O ministro mencionou os cinco princípios básicos da administração pública que estão presentes na Constituição Federal e condicionam o padrão que os órgãos do governo devem seguir: legalidade, impessoalidade, moralidade, publicidade e eficiência. “Um dos princípios mais importantes é exatamente a publicidade, que orienta as regras de transparência pública. E a autoridade pública não faz favor a quem quer que seja quando presta contas e fornece informações. Isso é uma obrigação”, disse.
Por sua vez, Bruno Bioni, da Data Privacy Brasil, disse que a LGPD tem sido usada como pretexto para a falta de transparência pública, mas representa um avanço jurídico. “O relatório (divulgado durante o evento) é muito interessante porque traz um novo enquadramento para podermos fazer as discussões baseadas em dados”, afirmou. “Embora o relatório mostre que existem algumas zonas cinzentas, com controvérsias sobre qual seria a fundamentação jurídica para o compartilhamento de dados, a LGPD é mais amiga do que inimiga da Lei de Acesso à Informação.”
O relatório partiu de 1.744 solicitações via LAI que mencionavam de forma significativa a LGPD, nas perguntas, nas respostas ou nos recursos, referentes a 2019, 2020, 2021 e até 18 de janeiro de 2022. Realizou uma amostragem aleatória dentro desse universo e submeteu a uma leitura criteriosa em quatro camadas.
“A análise caso a caso mostrou que são numerosas as situações em que, embora constem no repositório da CGU como acessos concedidos, as solicitações não foram acatadas — foram ao menos 84 situações identificadas dentro da amostra”, aponta o estudo. “Aparecem também situações em que a LGPD é citada aparentemente como medida inibidora ou protelatória.”
Além disso, como apontou Maria Vitória Ramos, da Fiquem Sabendo, durante o evento, “chama a atenção a quantidade de pedidos, quase 10% da amostra, que têm bases anonimizadas, sem dados pessoais de identificação, e que mesmo assim foram recusadas, com o argumento genérico de que poderiam ferir os preceitos da LGPD”.

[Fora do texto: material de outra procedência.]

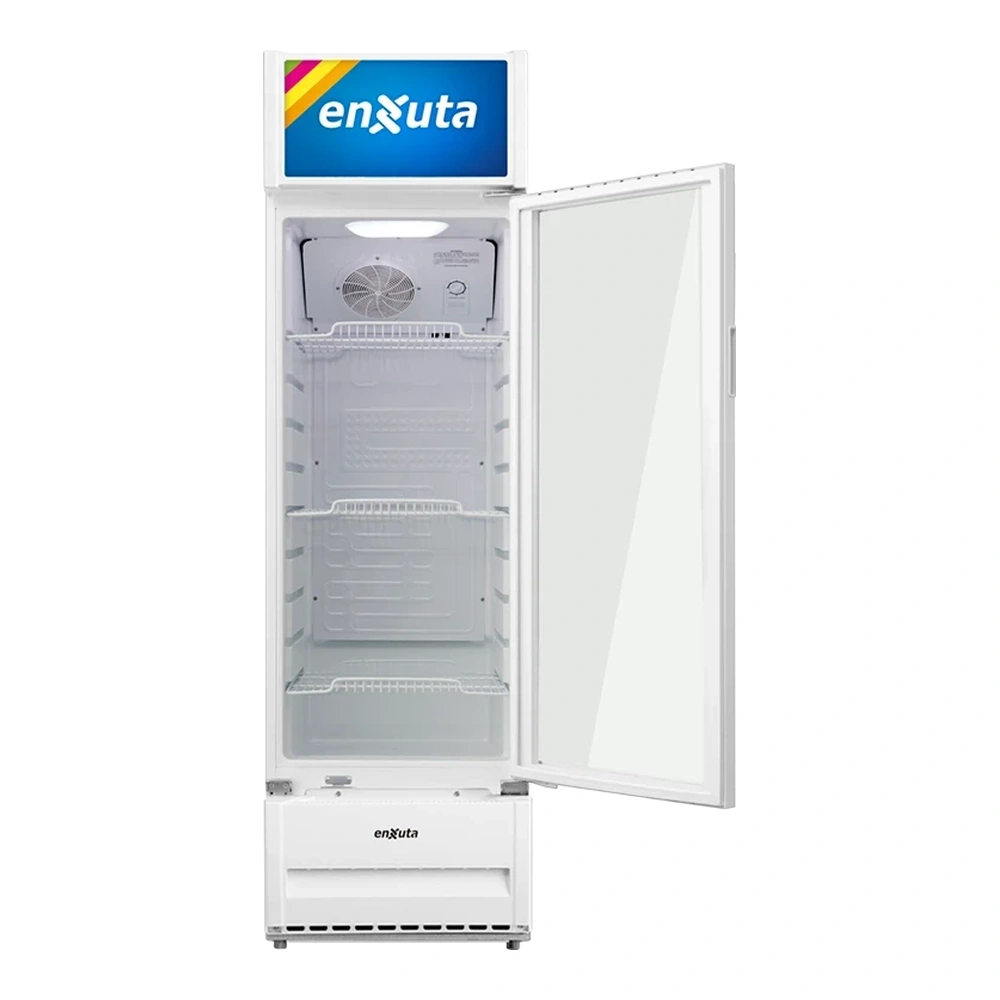 Visicooler 211 Litros con Cenefa Led Frío Húmedo Tropicalizado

O levantamento apontou ainda que, de cada quatro pedidos via LAI negados totalmente ou parcialmente com o argumento da LGPD, um tem indícios de que a recusa não está fundamentada. “Restou evidente, portanto, entre os diversos achados da pesquisa, que serão esmiuçados no decorrer deste relatório”, aponta o texto, “que o uso indevido da LGPD passou a ser uma barreira para obtenção de dados por meio da LAI.”